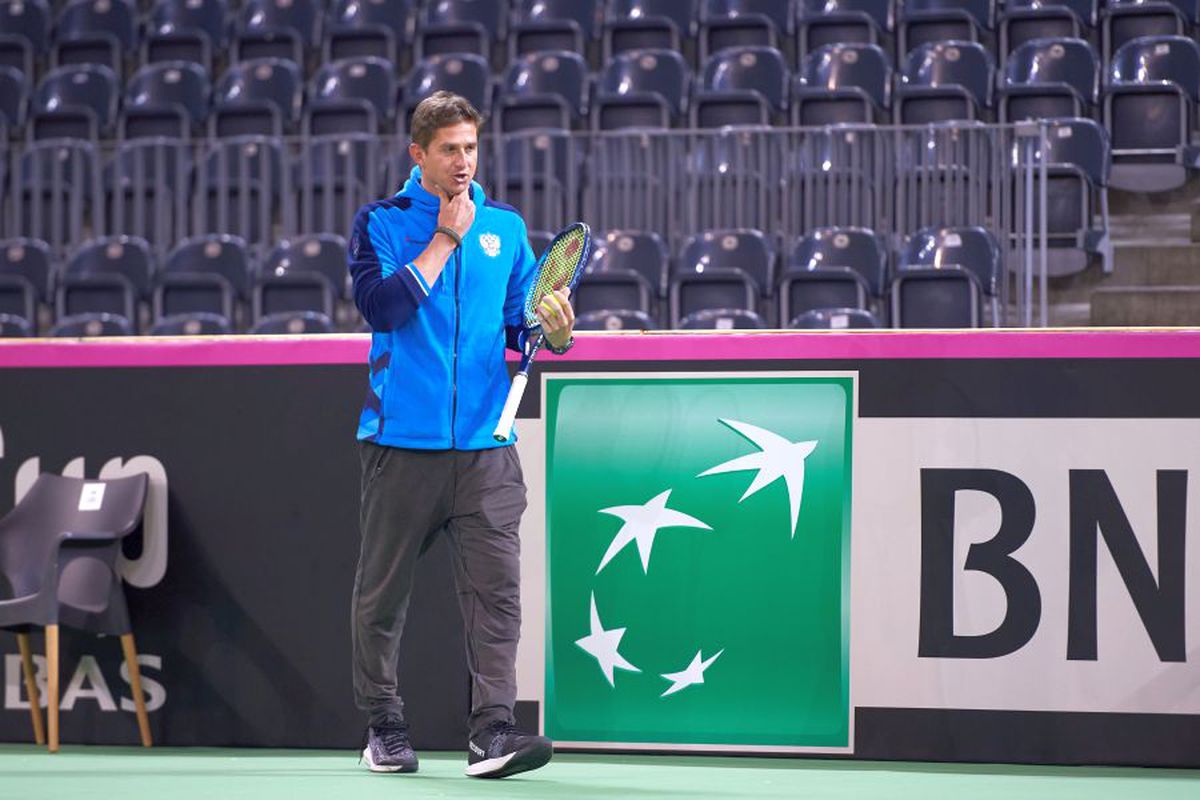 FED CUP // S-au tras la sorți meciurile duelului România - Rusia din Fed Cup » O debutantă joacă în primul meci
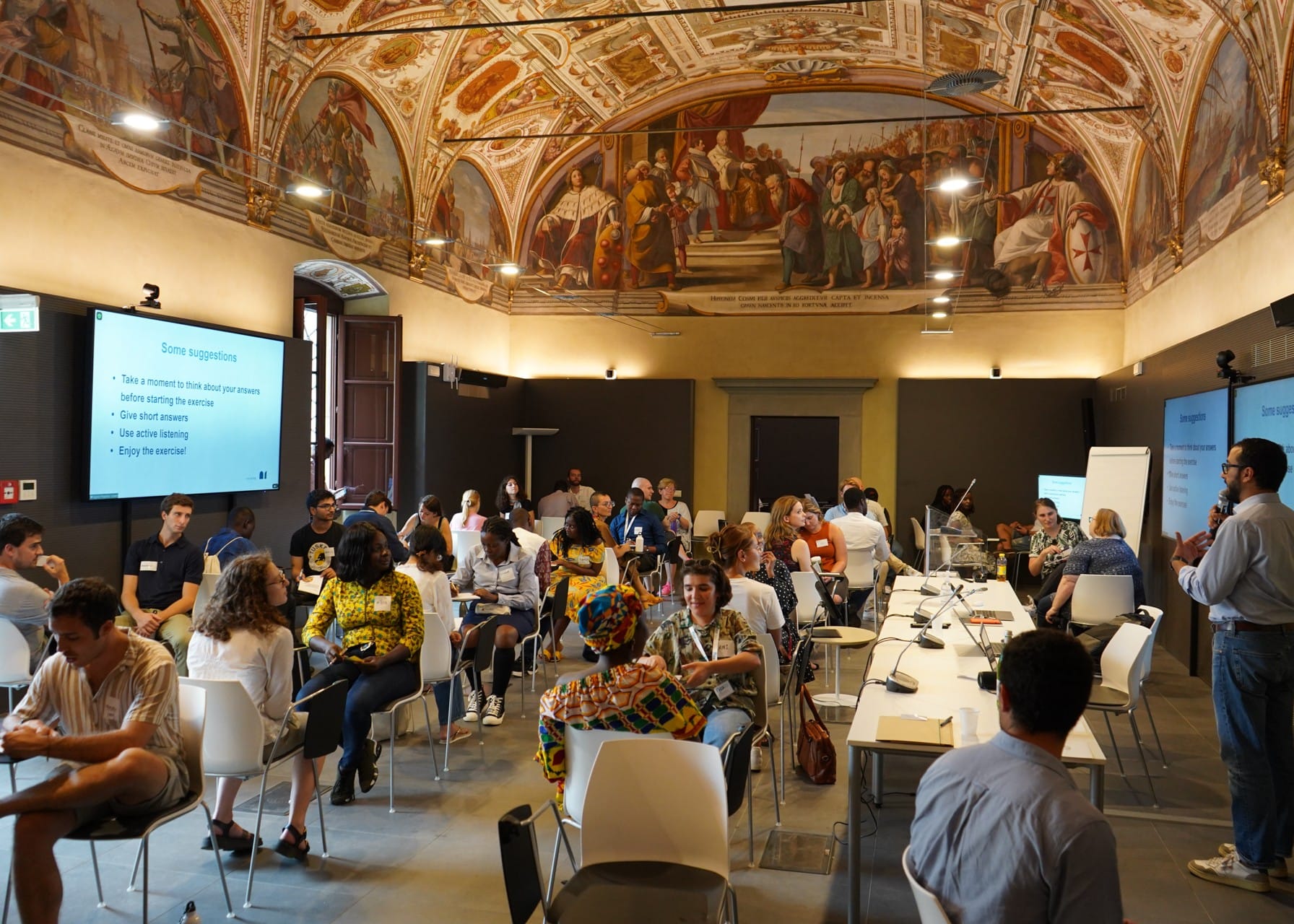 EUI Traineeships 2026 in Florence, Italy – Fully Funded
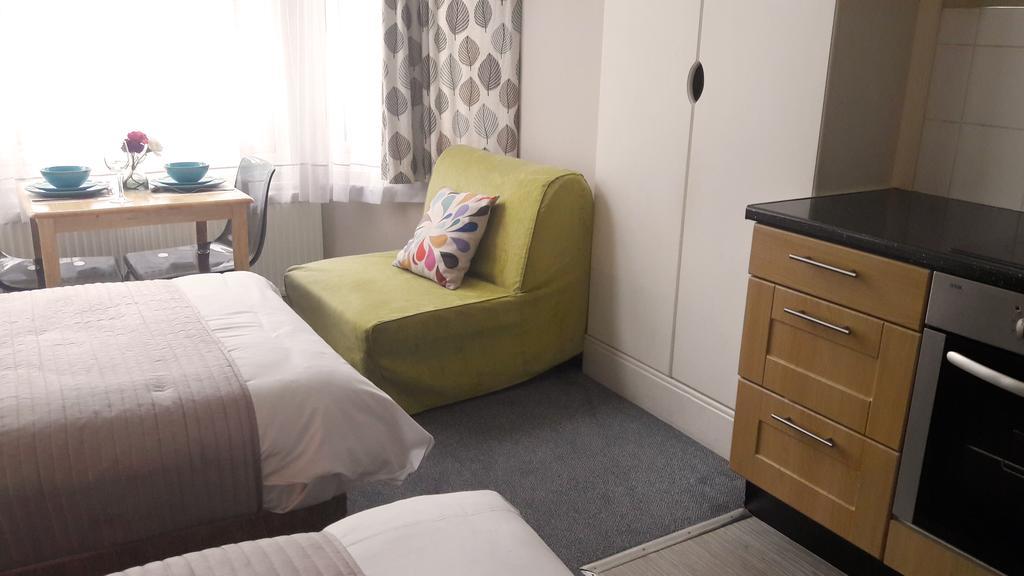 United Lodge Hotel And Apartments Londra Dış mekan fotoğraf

++++

*Work instruction:* Would you output the listing above verbatim, without its pictures?

*The completed task:*
 FED CUP // S-au tras la sorți meciurile duelului România - Rusia din Fed Cup » O debutantă joacă în primul meci
 EUI Traineeships 2026 in Florence, Italy – Fully Funded
 United Lodge Hotel And Apartments Londra Dış mekan fotoğraf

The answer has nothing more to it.